» What is needed:
In the records below, the lines between the one holding "[Deadpool: All Killer" and the one holding "高清ceкс震撼来袭，带你领略视听新体验！", inclusive, are to be transcribed exactly; no pictures are to be included.

» Given entries:
======

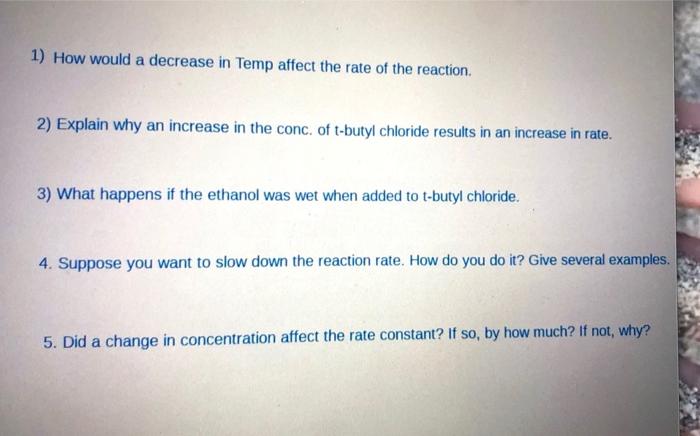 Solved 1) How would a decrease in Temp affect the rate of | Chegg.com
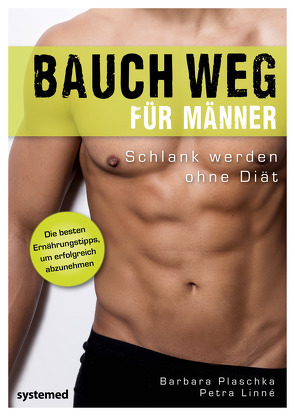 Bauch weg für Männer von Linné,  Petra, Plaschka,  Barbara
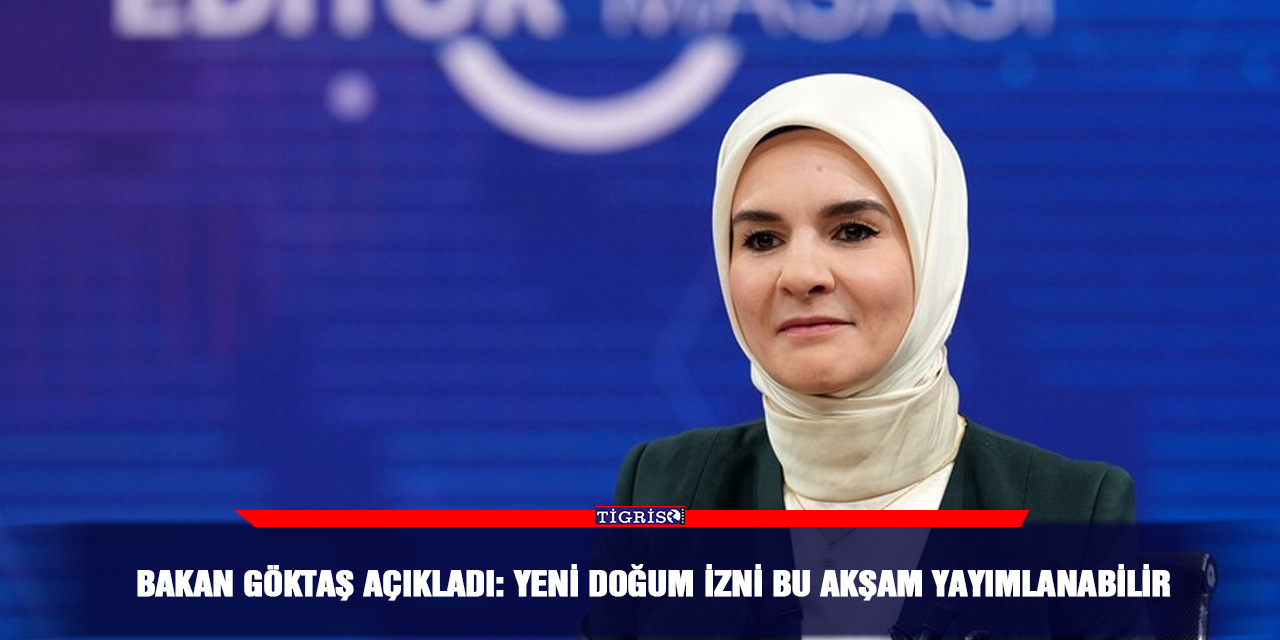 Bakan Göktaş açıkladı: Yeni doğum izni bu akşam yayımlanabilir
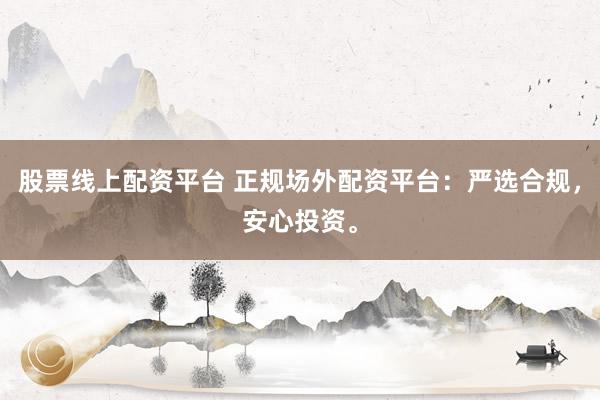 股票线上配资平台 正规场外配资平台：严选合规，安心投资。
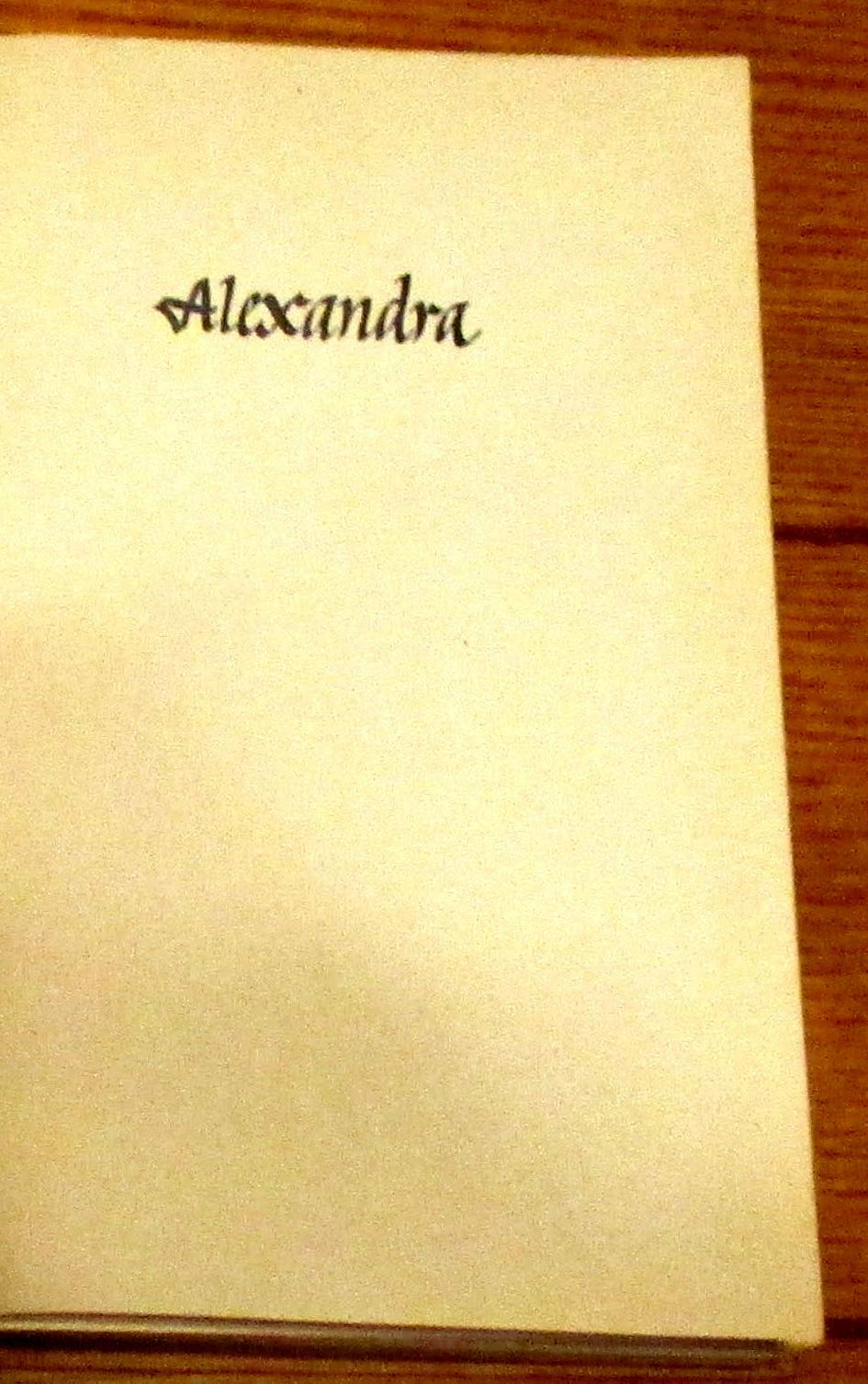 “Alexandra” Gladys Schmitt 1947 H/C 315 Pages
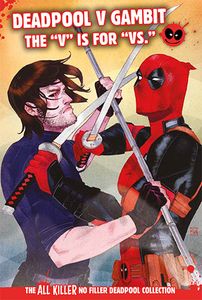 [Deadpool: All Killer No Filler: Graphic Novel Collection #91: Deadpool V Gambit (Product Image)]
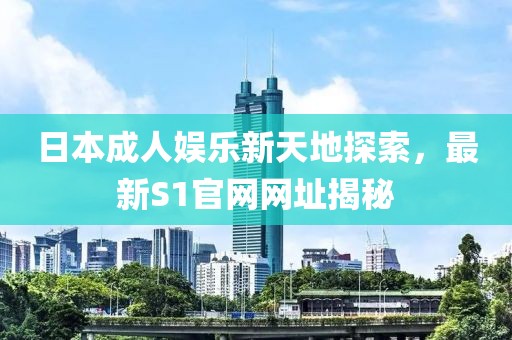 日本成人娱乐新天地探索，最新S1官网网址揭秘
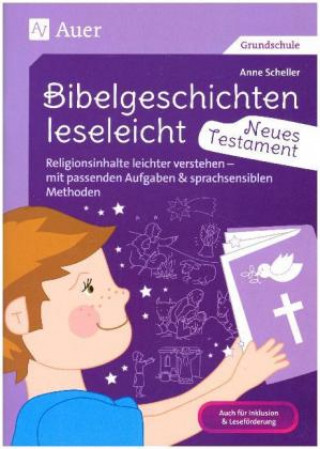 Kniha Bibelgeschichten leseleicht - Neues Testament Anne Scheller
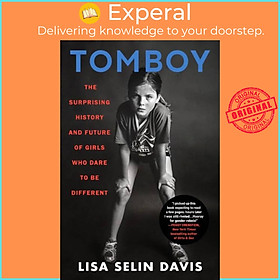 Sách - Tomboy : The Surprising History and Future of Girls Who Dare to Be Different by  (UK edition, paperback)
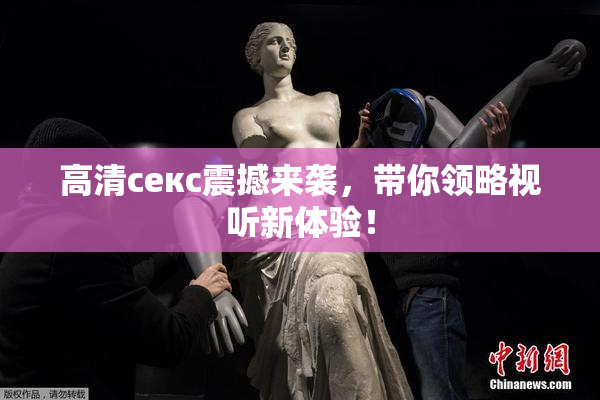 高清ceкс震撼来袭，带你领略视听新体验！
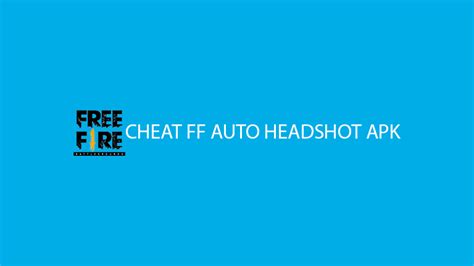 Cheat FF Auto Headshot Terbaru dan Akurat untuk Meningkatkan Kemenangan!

======

» Answer space:
 [Deadpool: All Killer No Filler: Graphic Novel Collection #91: Deadpool V Gambit (Product Image)]
 日本成人娱乐新天地探索，最新S1官网网址揭秘
 Kniha Bibelgeschichten leseleicht - Neues Testament Anne Scheller
 Sách - Tomboy : The Surprising History and Future of Girls Who Dare to Be Different by  (UK edition, paperback)
 高清ceкс震撼来袭，带你领略视听新体验！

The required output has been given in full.